With a better understanding of data representation, let's now turn to preparing data for input into a machine learning pipeline. In the case of unsupervised learning, a simple matrix-level representation can suffice for input to machine learning models; we also need accompanying labels.

Often, traffic capture datasets are accompanied by labels. These labels can tell us something about the accompanying data points (i.e., flows, packets) in the traffic, and can be used to train the model for future prediction.

Automated tools exist for assigning labels to traffic flows, including pcapML. Before we use those tools, we will do some automatic preparation and labeling from an existing dataset, a log4j trace from malware traffic analysis and a regular trace.

You can use the NetML traffic library to generate features.

In [1]:
import logging
logging.getLogger("scapy.runtime").setLevel(logging.ERROR)

from netml.pparser.parser import PCAP
from netml.utils.tool import dump_data, load_data

import pandas as pd

Load the Packet Capture Files¶

Load the Log4j and HTTP packet capture files and extract features from the flows. You can feel free to compute features manually, although it will likely be more convenient at this point to use the netML library.

Convert the Packet Capture Into Flows¶

Find the function in netml that converts the pcap file into flows. Examing the resulting data structure. What does it contain?

Explore the Flows¶

How many flows are in each of these pcaps? (Use the netml library output to determine the size of each data structure.)

Normalize the Shapes of Each Feature Set¶

If you loaded the two pcaps with netml separately, the features will not be of the same dimension.
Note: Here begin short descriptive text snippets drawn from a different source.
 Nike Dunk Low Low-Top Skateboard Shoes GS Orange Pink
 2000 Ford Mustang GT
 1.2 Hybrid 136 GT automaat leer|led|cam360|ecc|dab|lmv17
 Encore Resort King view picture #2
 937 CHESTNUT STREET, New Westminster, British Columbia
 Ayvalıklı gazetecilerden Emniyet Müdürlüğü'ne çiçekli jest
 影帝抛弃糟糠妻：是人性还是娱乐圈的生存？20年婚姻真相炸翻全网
  1. Adjust your data frames so that the two have the same number of columns.
  2. Merge (i.e., concatenate) the two data frames, but preserve the labels as a separate vector called "target".

Try Your Data on a Model¶

You should now have data that can be input into a model with scikit-learn. Import the scikit-learn package (sklearn) and a classification model of your choice to test that you can train your model with the above data.

Hint: The function you want to call is fit.

Note: If you plan to use a linear model such as logistic regression, your label should be a numerical value, and if the problem is a binary classification model, as in this case, then the appropriate label should be 0 and 1 for each respective class. (If you are using a tree-based model, then the labels could take any format.)

(Note that we have not done anything here except train the model with all of the data. To evaluate the model, we will need to split the data into train and test sets.)

Test Your Trained Model¶

We used the entire dataset to train the model in this example (no split), and so of course the model will be well-fit to all of the data. To simply test that your trained model works, call predict using a feature vector that you generate by hand (e.g., from scratch, using a random set of numbers, from another pcap).

Bonus¶

Consider the following extensions to the above exercise:

  • Concatenate or combine multiple features (either from netml or some of your own) into the same feature representation.
  • Normalize your features so that they are in the same range (helpful for some models).

The above exercise gives you an example of how to generate features from a packet capture, attach labels to the dataset, and train a model using the labeled data.

Looking Ahead¶

Many other steps exist in the machine learning pipeline, including splitting the data into training and test sets, tuning model parameters, and evaluating the model. These will be the next steps we walk through.